On August 15, I published an op-ed piece in the New York Times expressing the view that normal grief is normal and should not be confused with Major Depressive Disorder (MDD). The DSM 5 suggestion to remove the bereavement exclusion for MDD would convert grief after losing a loved one into mental disorder. Two short weeks of expectable symptoms like sadness; loss of interest, appetite, and energy; insomnia, and difficulty working would qualify for an MDD diagnosis. This mislabeling would then often trigger stigma and unnecessary medication treatment. More details can be found in the op-ed piece itself or on previous numbers of this blog.
On August 20, the Times published a number of letters taking all sides on the issue. There were two rejoinders to my view that I believe are misleading enough to require comment:
Counter argument 1: Patients experiencing a well-established Major Depressive Episode (MDE) beginning during bereavement are no different in presentation and treatment response than those whose MDE follows after other severely stressful life events.
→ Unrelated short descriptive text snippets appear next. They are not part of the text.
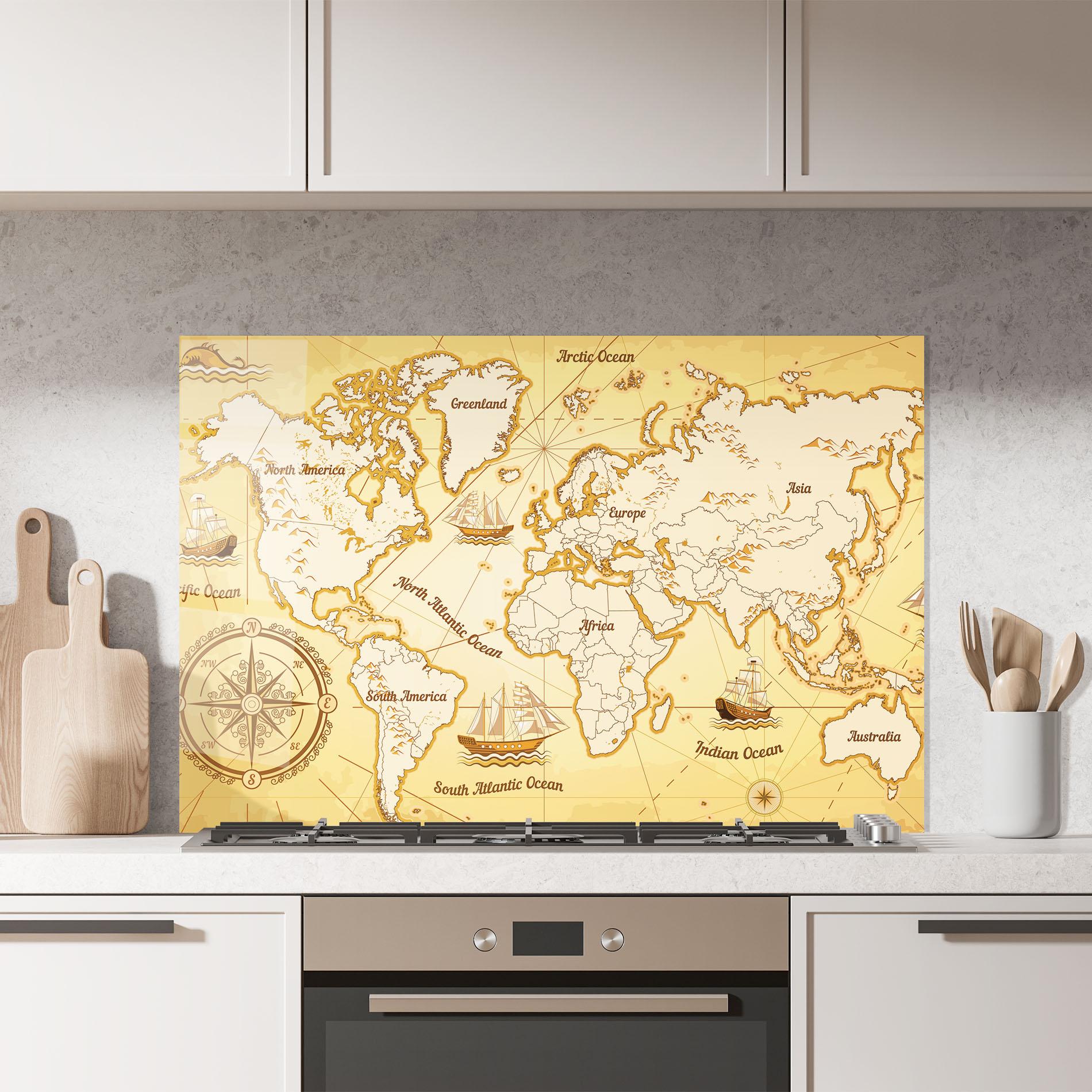 Konyhai üveg hátfal Gold Vintage Map mockup 7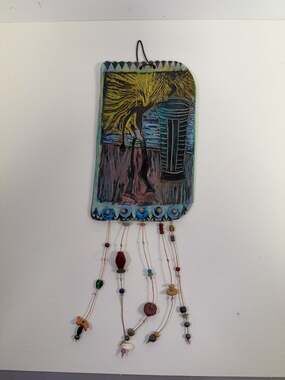 S. Burke 2011 Handcrafted Ceramic Wall Hanging with Beaded Dangles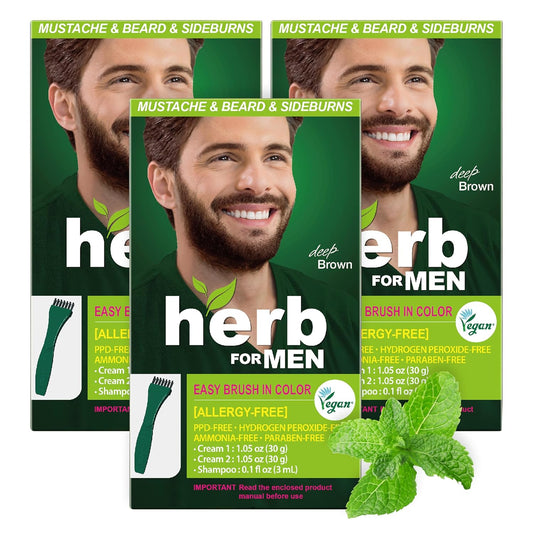 Herb For Men Mustache & Beard Dye (Deep Brown, 3 Pack), PPD-Free Ammonia-Free Hypoallergenic Beard Dye Vegan with Natural Ingredients, Odorless, Gentle for Sensitive Skin, No Skin Irritation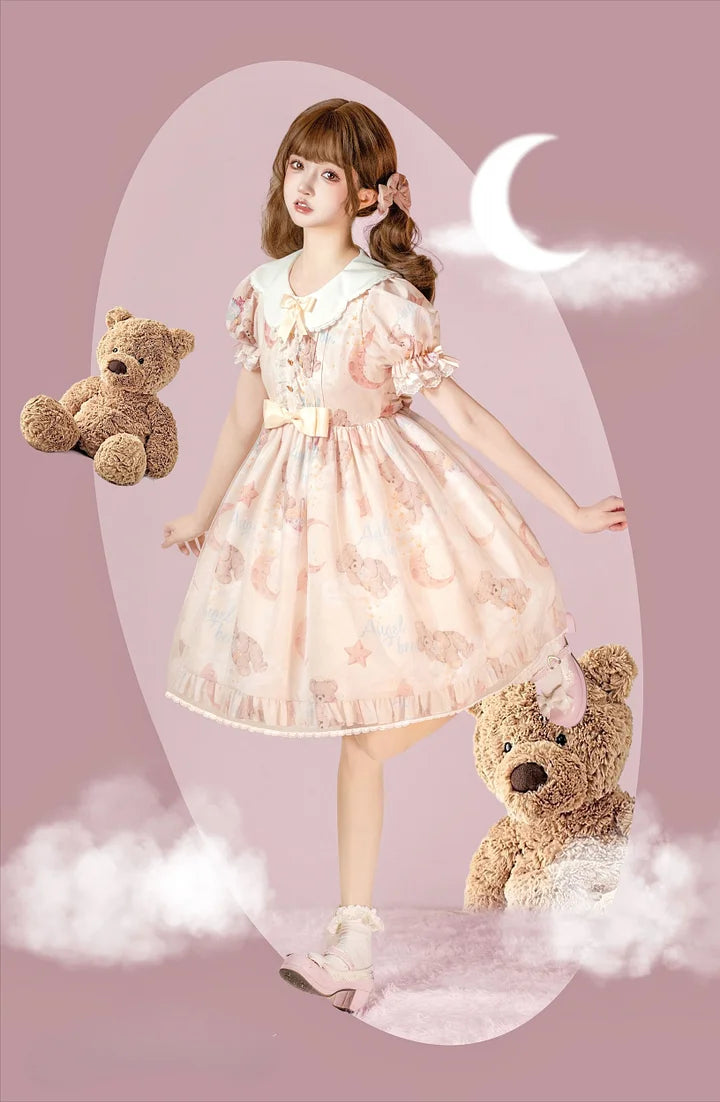 Star Teddy Bear Print Sweet Lolita Dress Cute Lace Short Sleeve Doll Dress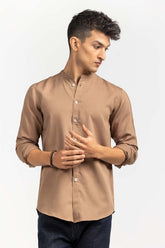 Brown Basic Casual Shirt CS-PD22-001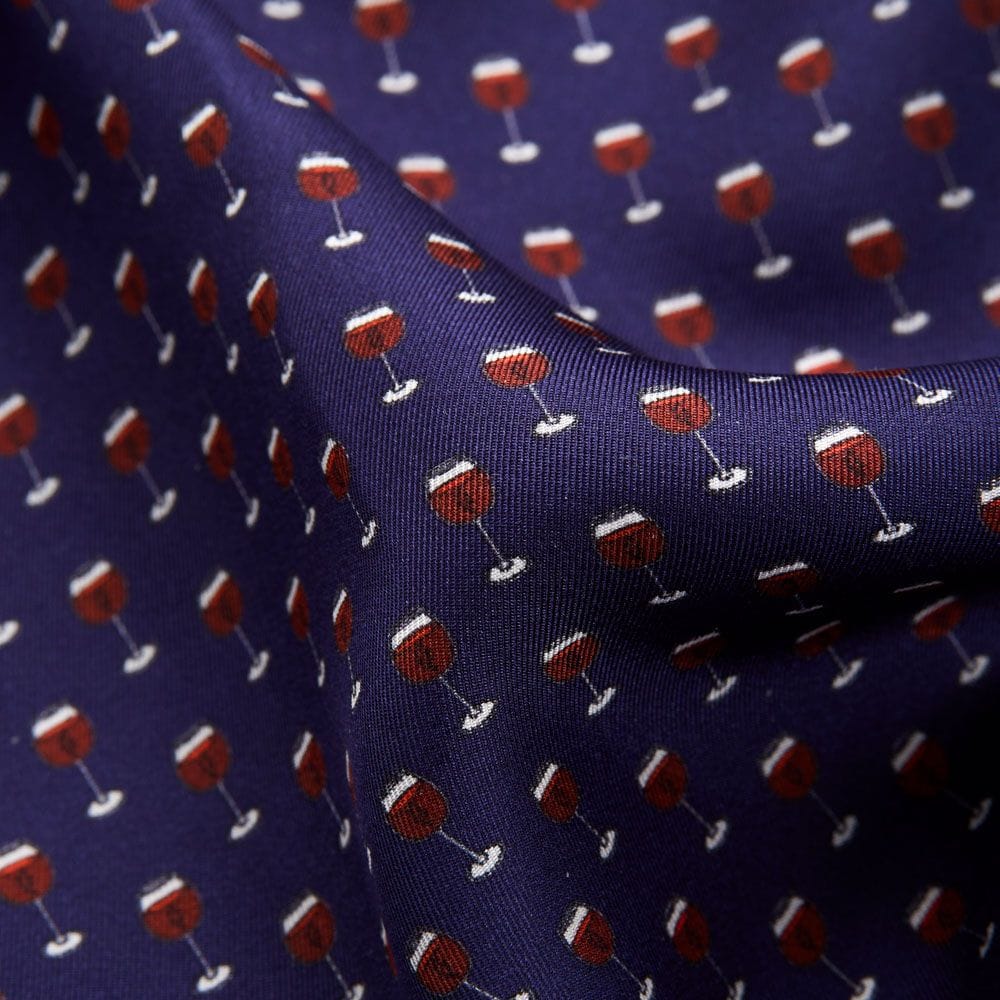 Silk Neck Scarf - Blue/Red Wine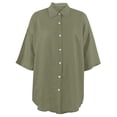 thumbnail image 5 of Short Sets for Women Loose Fit Cotton Linen Short Sleeve Button Down Collared Shirt and Wide Leg Shorts 2 Piece Matching Set, 5 of 6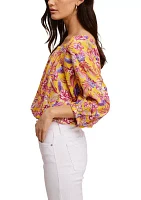 Women's Long Sleeve Floral Printed Blouse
Reply: True enough, but totally irrelevant to my concern. Well established MDD is not in question (it is already diagnosable in DSM- IV-TR). The respondents continue to confuse the issue by focusing only on the already well established cases of MDD with a duration in studies usually greater than two months These are the true positives and there is no controversy whatever regarding their diagnosis. Well established (ie severe or enduring) MDD during bereavement has never been the issue.
It is the false positives I worry about -those with normal and time limited grief that will remit in the natural course of things without diagnosis or treatment. Two weeks is far too short a duration when we are considering relatively mild symptoms that are so intrinsic to grieving. Rushing to judgment that a mental disorder is present will lead to remarkably high false positive rates and transform normal grief into a medical disorder. .
Counter argument 2: The respondents claim that the DSM 5 intention is only to diagnose MDD, not to include normal grief.
Reply: The crucial and clinching point is that these are clinically completely indistinguishable at frequently encountered levels of normal grief. Prospective studies show that almost half of all the bereaved reach MDE two week symptom thresholds sometime during the first year after their loss, usually within the first two months. I challenge anyone to distinguish clinically between two weeks of normal grief and two weeks of mild MDD under these circumstances. I certainly can't make this distinction, I very much doubt that my respondents can, and I feel sure that primary care physicians can't manage it while seeing a grieving patient in a seven minute evaluation.
Distinguishing grief from MDD is no problem when symptoms become severe or are enduring. DSM-IV-TR already recognizes this. It allows the diagnosis of MDD anytime during bereavement when there is suicidality, psychosis, morbid worthlessness, psychomotor retardation, or inability to function. This is meant to encourage early diagnosis and active psychiatric intervention whenever this is needed. There is no compelling problem that needs fixing. Grieving
patients who need psychiatric help already get it.
Before jumping the gun to a premature and potentially harmful diagnosis, why not watchfully wait a few more weeks to determine if the grief is severe and enduring enough to warrant the label of mental disorder. To do as DSM 5 suggests would instead mislabel a substantial portion of normal grievers and would inappropriately stretch the boundary of psychiatry by medicalizing grief.